TJX Companies, the parent company of TK Maxx, has reported an 6% increase in net sales to £10.2 billion ($13.4 billion) for the second quarter ending 3 August 2024.

TJX International, including Europe and Australia, delivered a 4% increase in net sales to £1.27 billion ($1.67 billion) against £1.23 billion ($1.62 billion) during the prior year period.

Comparable store sales, which excludes e-commerce, lifted 4% as the company continued to grow its global store estate.

Its overall store count increased by 29 to a total of 5,001. In Europe, TK Maxx jumped from 644 to 645 stores, whilst Homesense dropped from 78 to 77 stores during the quarter.

Meanwhile, the company’s second quarter pretax profit margin was above the high-end of its plan by 0.4 percentage points, reflecting a benefit from lower freight costs and stronger sales.

Looking ahead, TJX now anticipates overall comparable store sales to rise between 2-3% for the third quarter. It also expects a pretax profit margin in the range of 11.8% to 11.9%.

For the full-year, the company expects comparable store sales up 3% and has increased its outlook for pretax profit margin to 11.2%.

Ernie Herrman, CEO and President of TJX Companies, said: "I am extremely pleased with our second quarter performance.

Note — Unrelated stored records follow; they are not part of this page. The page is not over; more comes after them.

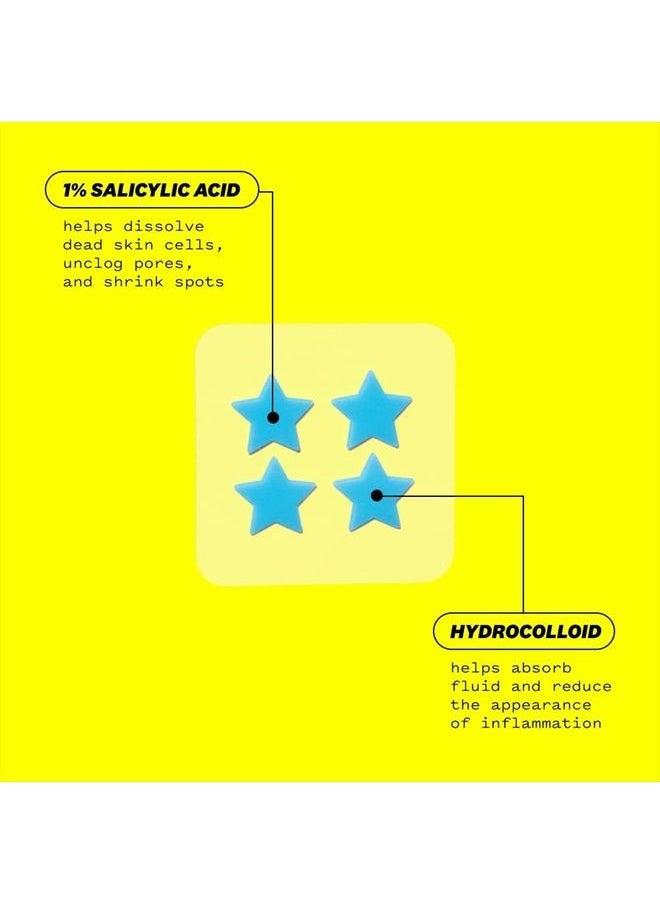 Starface World - Starface Hydro-Star + Salicylic Acid BIG PACK, Hydrocolloid Pimple Patches With 1% Salicylic Acid, Helps Soothe Deep Spots, Cute Star Shape (96 Count) - Image 1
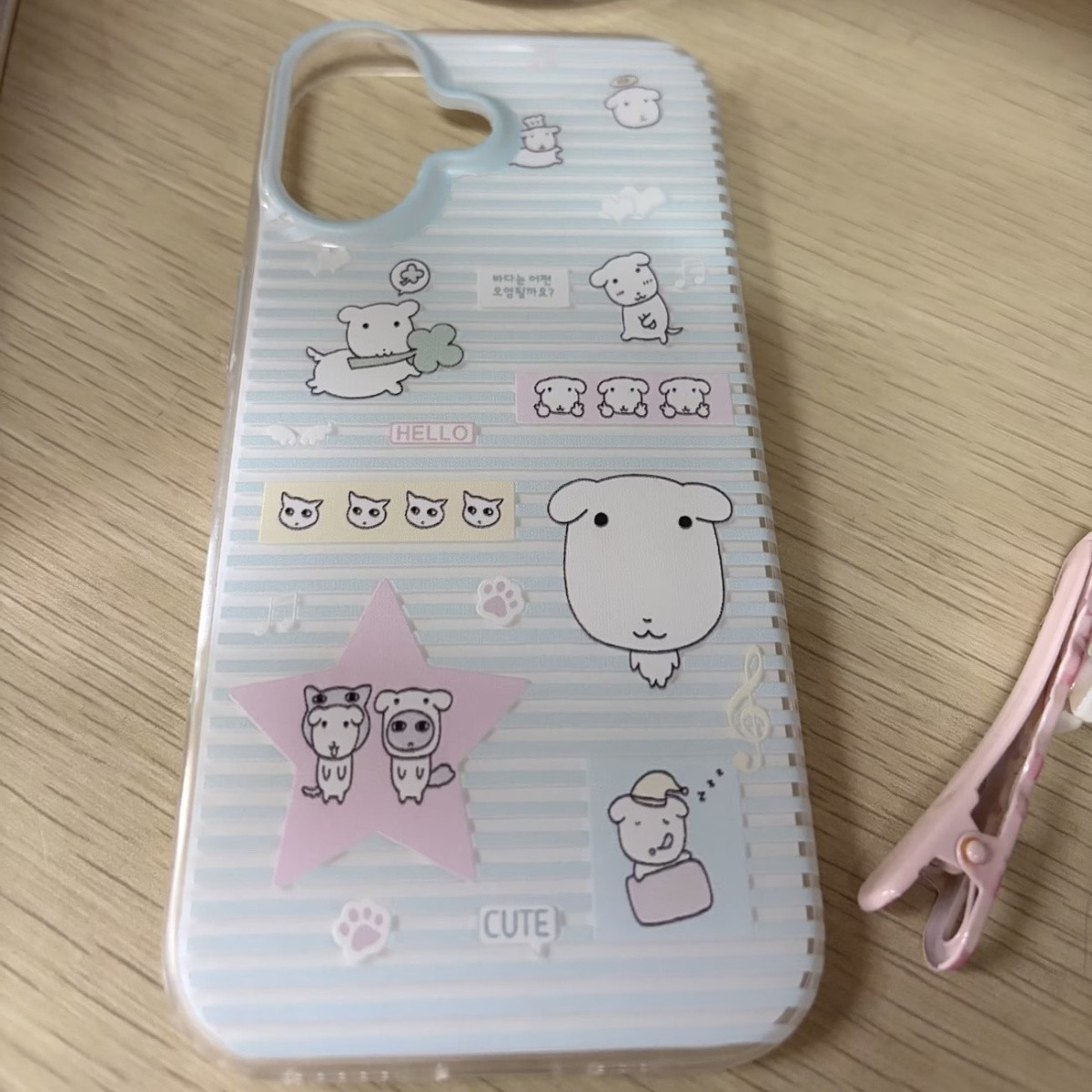 Simple Cartoon Cute Striped Do - Cute Anime Case 评论和价格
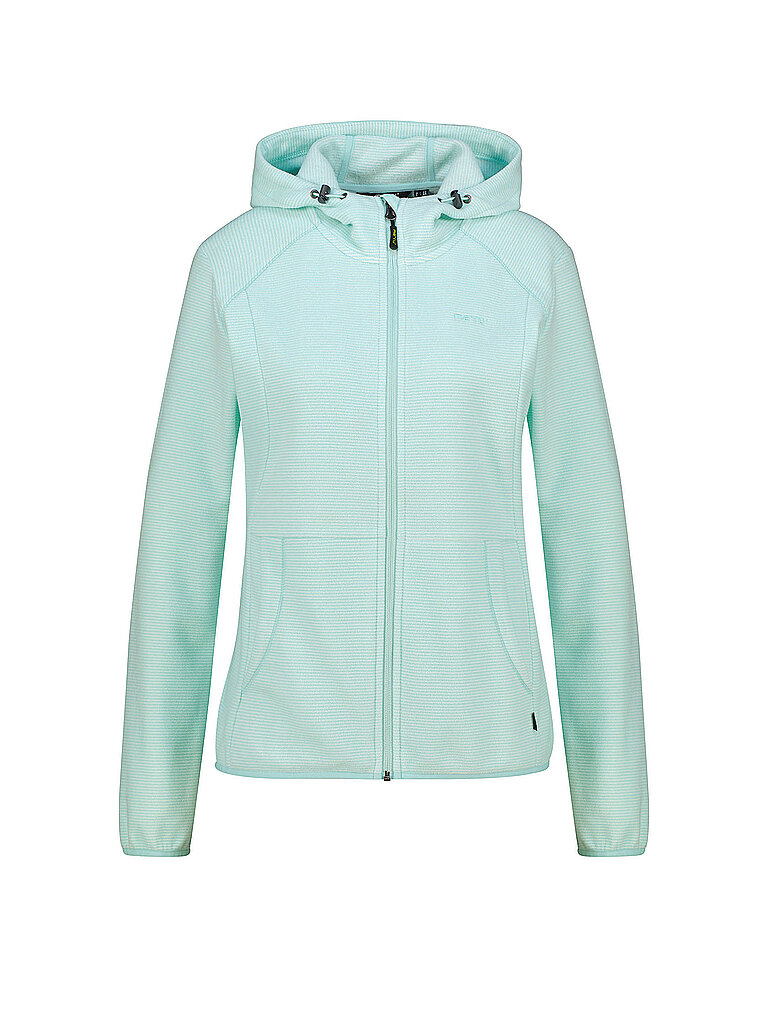 Veste polaire rayée à capuche Lourosas bleu clair 38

Our teams sharply executed on our mission to deliver great value to consumers every day. Our sales growth was entirely driven by customer transactions, which increased at every division.

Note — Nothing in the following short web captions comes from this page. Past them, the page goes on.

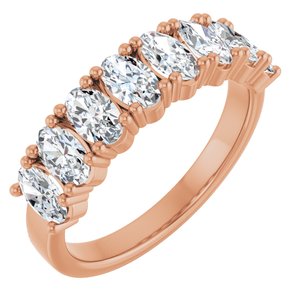 14K Rose Gold 1 1/2CTW Natural Diamond Anniversary Band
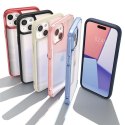 Etui pokrowiec na iPhone 15 Plus Crystal Hybrid - przezroczysto-czarne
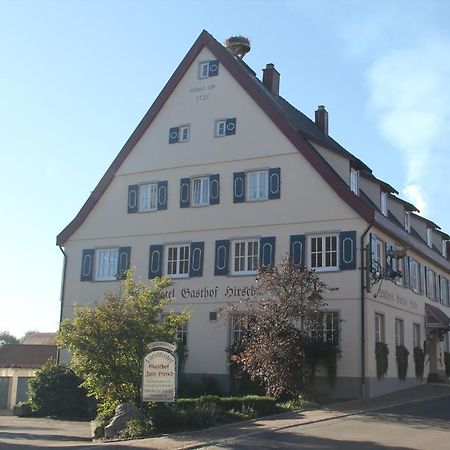 Gasthof Landhotel Hirsch Ostrach Exterior foto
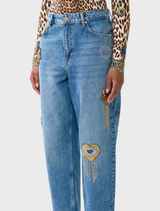 Milla Turkiye Talisman Girlfriend Jean in denim, featuring a fashionable cut ideal for relaxed, everyday wear.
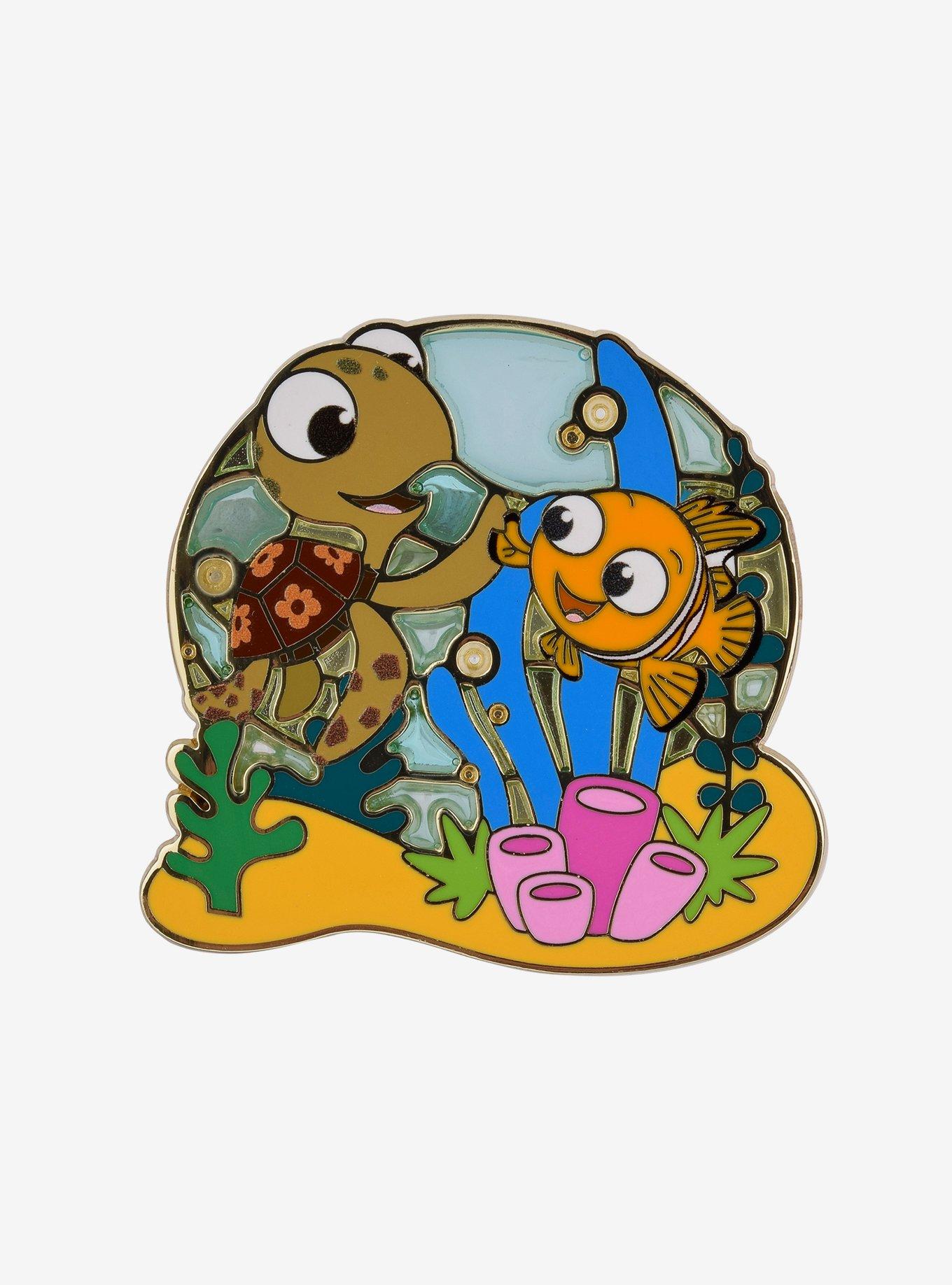 Disney Pixar Finding Nemo Squirt & Nemo Enamel Pin - BoxLunch Exclusive, , alternate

"The third quarter is off to a strong start. We see excellent buying opportunities in the marketplace and are strongly positioned to ship fresh and compelling merchandise to our stores and online throughout the fall and holiday selling seasons.

"Longer term, we are excited about our potential to capture additional market share in all of our geographies and to continue our global growth, while delivering great value to more consumers around the world and driving the profitability of TJX."